[Collection entries]
|---|

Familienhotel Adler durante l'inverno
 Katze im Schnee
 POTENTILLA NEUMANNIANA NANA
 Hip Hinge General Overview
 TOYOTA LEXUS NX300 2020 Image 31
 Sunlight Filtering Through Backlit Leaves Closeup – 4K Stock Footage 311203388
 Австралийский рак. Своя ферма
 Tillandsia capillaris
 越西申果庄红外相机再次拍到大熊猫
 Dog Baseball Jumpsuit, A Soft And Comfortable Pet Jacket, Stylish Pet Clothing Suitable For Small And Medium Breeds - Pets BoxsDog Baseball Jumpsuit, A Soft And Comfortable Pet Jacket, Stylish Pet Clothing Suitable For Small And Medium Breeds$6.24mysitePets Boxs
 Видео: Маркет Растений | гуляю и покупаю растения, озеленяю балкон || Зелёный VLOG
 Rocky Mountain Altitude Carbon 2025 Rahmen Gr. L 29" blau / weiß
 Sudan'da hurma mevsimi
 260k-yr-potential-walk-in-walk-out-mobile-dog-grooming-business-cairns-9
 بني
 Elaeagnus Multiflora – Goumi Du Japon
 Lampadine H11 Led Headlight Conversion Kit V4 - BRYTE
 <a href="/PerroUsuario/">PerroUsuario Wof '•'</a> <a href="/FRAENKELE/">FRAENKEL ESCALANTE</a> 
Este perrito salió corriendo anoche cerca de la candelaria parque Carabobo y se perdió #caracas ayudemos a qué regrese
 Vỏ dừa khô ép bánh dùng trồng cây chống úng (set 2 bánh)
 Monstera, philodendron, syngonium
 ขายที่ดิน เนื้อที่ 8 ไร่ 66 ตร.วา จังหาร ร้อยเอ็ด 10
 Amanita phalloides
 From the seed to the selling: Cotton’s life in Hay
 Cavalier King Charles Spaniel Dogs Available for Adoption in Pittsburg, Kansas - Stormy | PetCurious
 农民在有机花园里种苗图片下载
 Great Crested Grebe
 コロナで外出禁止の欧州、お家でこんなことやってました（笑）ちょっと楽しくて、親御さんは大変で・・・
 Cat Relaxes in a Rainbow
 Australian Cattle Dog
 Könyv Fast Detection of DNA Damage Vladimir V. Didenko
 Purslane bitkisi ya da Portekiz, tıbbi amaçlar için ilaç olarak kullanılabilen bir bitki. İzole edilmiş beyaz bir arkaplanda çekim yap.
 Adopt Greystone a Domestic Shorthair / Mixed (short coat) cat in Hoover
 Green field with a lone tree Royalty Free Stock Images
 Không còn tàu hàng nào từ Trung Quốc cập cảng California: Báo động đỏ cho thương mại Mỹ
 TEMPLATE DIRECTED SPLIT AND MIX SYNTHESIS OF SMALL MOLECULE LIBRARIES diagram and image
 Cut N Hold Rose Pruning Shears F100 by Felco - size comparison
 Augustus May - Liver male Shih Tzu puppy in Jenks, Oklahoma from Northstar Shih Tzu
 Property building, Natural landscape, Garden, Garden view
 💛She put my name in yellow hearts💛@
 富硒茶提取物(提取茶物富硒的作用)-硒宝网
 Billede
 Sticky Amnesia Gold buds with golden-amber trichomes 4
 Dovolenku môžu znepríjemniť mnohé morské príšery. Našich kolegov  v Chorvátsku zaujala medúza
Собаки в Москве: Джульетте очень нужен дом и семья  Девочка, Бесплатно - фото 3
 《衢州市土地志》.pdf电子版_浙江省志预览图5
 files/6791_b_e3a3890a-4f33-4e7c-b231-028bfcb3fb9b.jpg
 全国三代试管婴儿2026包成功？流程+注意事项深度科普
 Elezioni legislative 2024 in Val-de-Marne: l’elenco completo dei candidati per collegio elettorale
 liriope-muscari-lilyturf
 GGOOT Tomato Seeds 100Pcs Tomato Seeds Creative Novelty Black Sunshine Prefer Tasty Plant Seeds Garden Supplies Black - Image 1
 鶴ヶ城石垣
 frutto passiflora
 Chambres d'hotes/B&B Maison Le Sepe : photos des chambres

|---|

▶ What needs to be done:
Set down, exactly as they appear above, all lines from the one that has "Amanita phalloides" down to the one that has "Könyv Fast Detection", including those two and no others.

▶ Output of the exercise:
 Amanita phalloides
 From the seed to the selling: Cotton’s life in Hay
 Cavalier King Charles Spaniel Dogs Available for Adoption in Pittsburg, Kansas - Stormy | PetCurious
 农民在有机花园里种苗图片下载
 Great Crested Grebe
 コロナで外出禁止の欧州、お家でこんなことやってました（笑）ちょっと楽しくて、親御さんは大変で・・・
 Cat Relaxes in a Rainbow
 Australian Cattle Dog
 Könyv Fast Detection of DNA Damage Vladimir V. Didenko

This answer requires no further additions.